In an example, the processor 1005 in the tensor processing device 1000 in this application may correspond to the second processor in the method embodiment. The processor 1005 reads the instructions in the memory 1003, to perform all or some operations performed by the second processor in the method embodiment. The processor 1005 may further correspond to the apparatus shown in FIG. 9. Each functional module in the apparatus shown in FIG. 9 is implemented by using software of the tensor processing device 1000. In other words, the functional modules included in the apparatus shown in FIG. 9 are generated after the processor 1005 reads the program code 1010 stored in the memory 1003.

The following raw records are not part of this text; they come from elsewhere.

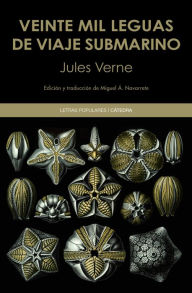 Title: Veinte mil leguas de viaje submarino, Author: Jules Verne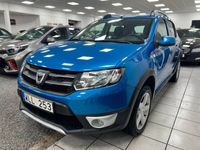 begagnad Dacia Sandero Stepway 1.5 dCi Euro 5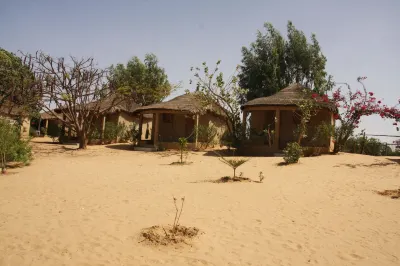 Sarahma Lodge Simal Hotele w: 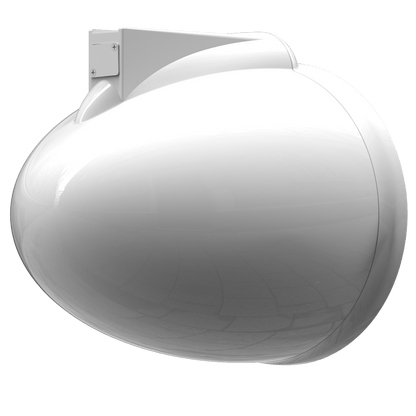 REV 10 White V2 | Wet Sounds Revolution Series 10" White Tower Speakers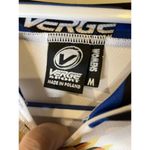 Pan Mass Challenge PMC 2007 Cycling Racing Jersey 1/2 Zip Club Women's Medium White Photo 4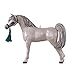 Hallmark 1299QGO1976 Dream Horse Arabian Keepsake Christmas Ornaments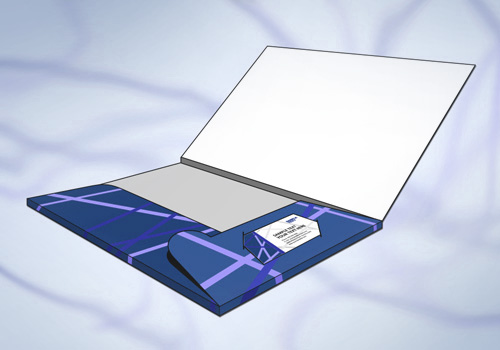 Mini Presentation Folders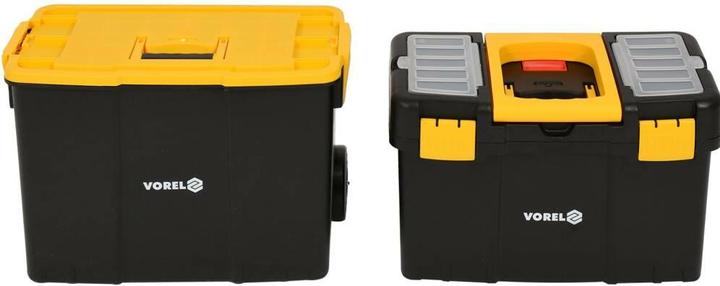 Immagine prodotto Vorel Toya Tool Trailer A 2 Sezioni (1 x)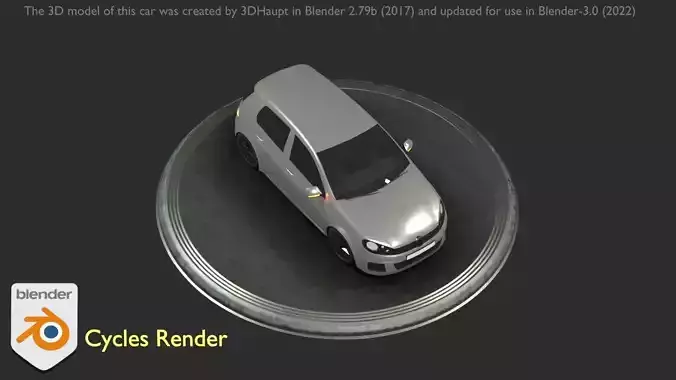 City Car 67 Compact Class Type-C Silver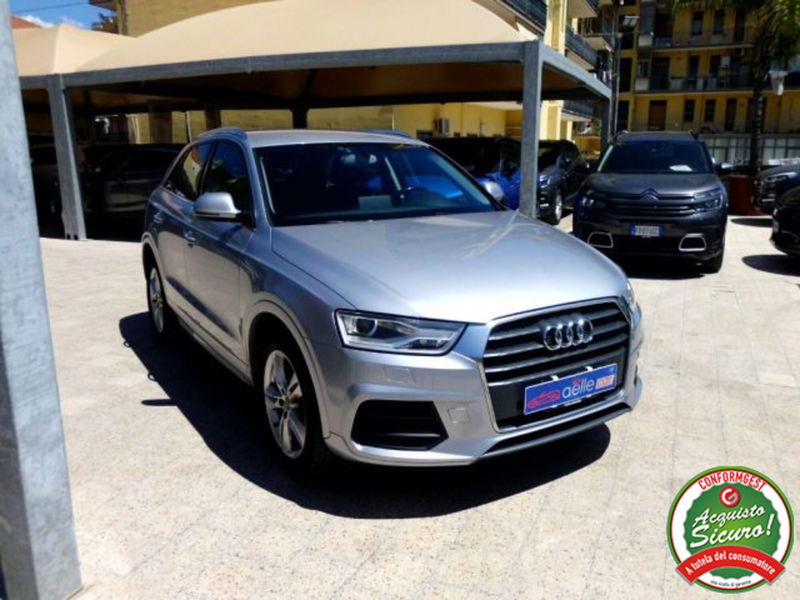 Audi Q3 2.0 TDI 150 CV Sport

Steps in the tensor processing method shown in FIG. 3 are completed by using an integrated logic circuit of hardware in the processor of the tensor processing device 1000, or by using instructions in a form of software. The steps of the methods disclosed with reference to this application may be directly performed and completed by a hardware processor, or may be performed and completed by a combination of hardware and a software module in a processor. The software module may be located in a mature storage medium in the art such as a RAM, a flash memory, a ROM, a programmable ROM (PROM), an EEPROM, or a register. The storage medium is located in the memory, and the processor reads information in the memory and completes the steps in the foregoing methods in combination with the hardware in the processor. To avoid repetition, details are not described herein again.

It should be understood that the processor may be a CPU, or may be another general-purpose processor, a DSP, an ASIC, an FPGA or another PLD, a discrete gate or a transistor logic device, a discrete hardware component, or the like. The general-purpose processor may be a microprocessor or any conventional processor, or the like. It should be noted that the processor may be a processor that supports an advanced reduced instruction set computing machine (ARM) architecture.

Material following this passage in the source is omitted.